Accuracy is my first priority followed by terminal performance and BC ranks high. Most bullets get good scores in those areas with some being a little stronger in one area than another. For terminal performance, I would like a bullet that holds together well for worst case scenarios and monometals are the best for that IMO. I have read a lot of good reports and a few not so good reports on the Bergers. Chances are probably 90% or better that a 210 Berger will easily penetrate the shoulders. although I like monometals better, I think your best chances of a DRT are with a Berger like bullet put through both lungs which will likely result in the instantaneous destruction of the lungs. Shoulder shots tend to anchor a game animal very well, but not always and sometimes result in minimal lung damage.
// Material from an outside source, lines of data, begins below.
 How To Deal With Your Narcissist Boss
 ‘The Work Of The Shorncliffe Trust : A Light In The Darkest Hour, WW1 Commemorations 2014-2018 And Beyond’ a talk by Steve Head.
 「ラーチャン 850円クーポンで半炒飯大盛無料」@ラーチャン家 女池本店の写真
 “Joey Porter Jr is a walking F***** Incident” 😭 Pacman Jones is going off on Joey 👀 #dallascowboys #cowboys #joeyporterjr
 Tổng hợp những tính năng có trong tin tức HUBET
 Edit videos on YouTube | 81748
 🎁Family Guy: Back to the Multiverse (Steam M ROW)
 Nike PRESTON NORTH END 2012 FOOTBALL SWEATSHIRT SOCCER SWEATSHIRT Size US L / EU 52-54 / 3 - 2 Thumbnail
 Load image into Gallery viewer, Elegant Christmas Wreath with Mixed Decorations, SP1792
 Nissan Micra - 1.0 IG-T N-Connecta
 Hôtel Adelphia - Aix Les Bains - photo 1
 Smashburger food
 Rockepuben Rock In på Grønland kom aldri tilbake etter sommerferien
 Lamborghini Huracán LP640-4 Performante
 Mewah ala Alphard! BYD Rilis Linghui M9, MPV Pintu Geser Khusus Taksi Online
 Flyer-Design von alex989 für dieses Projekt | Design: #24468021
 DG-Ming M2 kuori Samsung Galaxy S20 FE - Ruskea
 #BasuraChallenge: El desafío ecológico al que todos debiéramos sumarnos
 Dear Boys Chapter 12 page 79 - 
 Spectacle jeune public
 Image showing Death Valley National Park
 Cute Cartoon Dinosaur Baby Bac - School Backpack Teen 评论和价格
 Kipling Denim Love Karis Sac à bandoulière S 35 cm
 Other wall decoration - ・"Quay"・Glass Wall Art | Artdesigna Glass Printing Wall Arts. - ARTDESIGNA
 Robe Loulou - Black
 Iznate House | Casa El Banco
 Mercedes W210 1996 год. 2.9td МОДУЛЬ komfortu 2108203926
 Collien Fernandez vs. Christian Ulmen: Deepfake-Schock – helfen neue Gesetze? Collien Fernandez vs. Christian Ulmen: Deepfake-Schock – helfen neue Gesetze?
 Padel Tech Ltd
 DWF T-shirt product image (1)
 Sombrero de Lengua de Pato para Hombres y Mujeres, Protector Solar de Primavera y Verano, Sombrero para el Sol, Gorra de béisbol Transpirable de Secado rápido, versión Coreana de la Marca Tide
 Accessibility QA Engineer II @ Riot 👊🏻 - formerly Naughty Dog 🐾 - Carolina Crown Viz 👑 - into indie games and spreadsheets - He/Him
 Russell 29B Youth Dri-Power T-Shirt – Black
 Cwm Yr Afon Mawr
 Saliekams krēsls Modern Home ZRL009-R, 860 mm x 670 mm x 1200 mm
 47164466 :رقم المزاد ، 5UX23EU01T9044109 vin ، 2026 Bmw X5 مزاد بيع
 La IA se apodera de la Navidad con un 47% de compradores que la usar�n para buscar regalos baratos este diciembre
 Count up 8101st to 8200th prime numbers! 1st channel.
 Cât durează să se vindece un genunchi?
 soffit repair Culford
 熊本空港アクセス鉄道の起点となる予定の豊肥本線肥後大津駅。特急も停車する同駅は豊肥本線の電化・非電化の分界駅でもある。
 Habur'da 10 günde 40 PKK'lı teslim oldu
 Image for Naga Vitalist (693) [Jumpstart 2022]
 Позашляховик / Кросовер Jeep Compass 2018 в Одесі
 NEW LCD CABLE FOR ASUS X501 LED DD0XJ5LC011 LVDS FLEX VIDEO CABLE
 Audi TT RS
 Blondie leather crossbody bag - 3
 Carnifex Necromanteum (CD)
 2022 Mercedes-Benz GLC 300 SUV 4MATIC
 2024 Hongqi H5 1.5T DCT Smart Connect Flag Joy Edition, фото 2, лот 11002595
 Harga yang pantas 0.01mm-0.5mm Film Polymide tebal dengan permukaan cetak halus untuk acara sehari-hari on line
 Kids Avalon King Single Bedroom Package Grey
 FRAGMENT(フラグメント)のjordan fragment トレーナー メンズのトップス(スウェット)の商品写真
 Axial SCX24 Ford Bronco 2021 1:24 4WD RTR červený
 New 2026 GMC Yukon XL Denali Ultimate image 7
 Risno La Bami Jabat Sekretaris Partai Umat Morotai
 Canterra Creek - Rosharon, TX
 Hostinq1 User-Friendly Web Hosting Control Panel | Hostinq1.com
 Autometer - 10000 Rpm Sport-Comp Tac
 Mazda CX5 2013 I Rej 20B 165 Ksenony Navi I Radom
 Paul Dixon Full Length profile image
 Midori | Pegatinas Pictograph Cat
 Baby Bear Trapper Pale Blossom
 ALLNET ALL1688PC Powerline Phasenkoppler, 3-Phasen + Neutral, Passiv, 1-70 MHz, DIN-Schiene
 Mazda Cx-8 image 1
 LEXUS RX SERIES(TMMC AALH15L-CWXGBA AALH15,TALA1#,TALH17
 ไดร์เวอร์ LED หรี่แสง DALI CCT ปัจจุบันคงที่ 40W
That, and the loss of meat is why I look for a double lung if I can get it.
This last fall I shot a buck antelope @ 280 yds with a 115 Ballistic Silvertip (same as a Ballistic Tip) out of a 25-06. The entrance hole under the hide was about 1" and the exit hole was about 1 1/2" - 2", right behind the shoulder through both lungs. It took off like it wasn't even hit, ran in about a 30 yd circle for about 100 yds and piled up. That's the first time I ever had animal hit that well and go that far. A shoulder shot may have dropped it, but I've read a few stories of shoulder shot critters getting up and trotting off. There just aren't any guarantees. Pick a bullet and take your best shot.